St. Louis’ largely African American inner city suffers from the same ills as many other poor urban areas. The schools are woeful, with a graduation rate of just 43%. The health care system is fraying fast, and there is scant money in Slay’s current budget to fix it. St. Louis neighborhoods are highly segregated. And the disparities between blacks and whites have not budged in two decades, on measures ranging from income to employment to home ownership to education.

“If you believe in social justice and racial equality, you shouldn’t be complacent about these inequities,” said Christine Chadwick, the executive director of a nonprofit civic organization called FOCUS St. Louis.

She is heartened by Slay’s first months in office.
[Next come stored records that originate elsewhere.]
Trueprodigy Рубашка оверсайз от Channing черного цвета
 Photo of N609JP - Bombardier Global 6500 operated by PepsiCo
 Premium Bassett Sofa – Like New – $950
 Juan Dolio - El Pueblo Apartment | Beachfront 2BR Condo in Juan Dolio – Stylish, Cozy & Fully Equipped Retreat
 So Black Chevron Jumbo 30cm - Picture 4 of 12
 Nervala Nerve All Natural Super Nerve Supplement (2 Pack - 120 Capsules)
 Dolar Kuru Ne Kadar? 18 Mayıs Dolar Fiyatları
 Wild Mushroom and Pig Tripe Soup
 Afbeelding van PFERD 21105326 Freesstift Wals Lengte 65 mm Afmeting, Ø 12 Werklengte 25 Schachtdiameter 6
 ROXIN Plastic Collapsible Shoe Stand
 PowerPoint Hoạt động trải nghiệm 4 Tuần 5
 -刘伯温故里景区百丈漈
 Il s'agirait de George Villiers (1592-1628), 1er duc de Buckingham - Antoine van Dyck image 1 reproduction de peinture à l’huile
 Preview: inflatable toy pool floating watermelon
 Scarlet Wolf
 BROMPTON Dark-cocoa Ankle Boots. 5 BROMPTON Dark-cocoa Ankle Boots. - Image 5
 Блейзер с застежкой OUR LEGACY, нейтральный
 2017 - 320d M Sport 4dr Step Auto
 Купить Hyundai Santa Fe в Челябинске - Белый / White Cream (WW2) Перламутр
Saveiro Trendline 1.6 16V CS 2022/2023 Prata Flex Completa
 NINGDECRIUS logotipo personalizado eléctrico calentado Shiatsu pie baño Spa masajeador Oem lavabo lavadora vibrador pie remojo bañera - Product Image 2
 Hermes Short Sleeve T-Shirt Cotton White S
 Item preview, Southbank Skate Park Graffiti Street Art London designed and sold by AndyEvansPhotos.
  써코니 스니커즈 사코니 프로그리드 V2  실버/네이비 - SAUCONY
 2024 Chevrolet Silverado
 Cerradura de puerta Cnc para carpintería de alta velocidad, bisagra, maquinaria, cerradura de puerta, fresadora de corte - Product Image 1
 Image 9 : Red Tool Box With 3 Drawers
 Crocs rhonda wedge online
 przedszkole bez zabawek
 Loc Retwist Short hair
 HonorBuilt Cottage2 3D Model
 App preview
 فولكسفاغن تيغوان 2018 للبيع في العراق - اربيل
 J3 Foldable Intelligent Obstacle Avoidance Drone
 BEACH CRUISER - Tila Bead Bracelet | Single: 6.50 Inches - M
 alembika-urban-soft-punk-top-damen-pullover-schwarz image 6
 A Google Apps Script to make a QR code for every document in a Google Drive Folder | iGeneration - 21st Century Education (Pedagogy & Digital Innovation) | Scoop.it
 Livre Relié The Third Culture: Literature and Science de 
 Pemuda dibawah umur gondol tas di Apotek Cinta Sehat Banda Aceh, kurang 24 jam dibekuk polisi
Slay’s most trumpeted accomplishment is brokering a deal for a new baseball stadium for the St. Louis Cardinals, to be partly funded with taxpayer dollars. The stadium will be accompanied by a new development called Ballpark Village that is to include homes, shops and entertainment--and Slay is hoping that the project will revitalize the dragging downtown.

A New Priority on Race Relations

But Chadwick chooses to focus as well on Slay’s less-flashy accomplishments, such as his recent decision to investigate allegations of fraud tied to the city’s minority contractor program. And, yes, his decision to take down the Confederate symbols.

“People will daily agree or disagree with decisions the mayor makes,” she said. “But has this mayor, in a short time, been bold and decisive and risk-taking? Yes. And I think all citizens want to see those leadership qualities. . . . For the mayor to have taken bold stances on issues of race in this community is very significant because it has never been a regional priority.”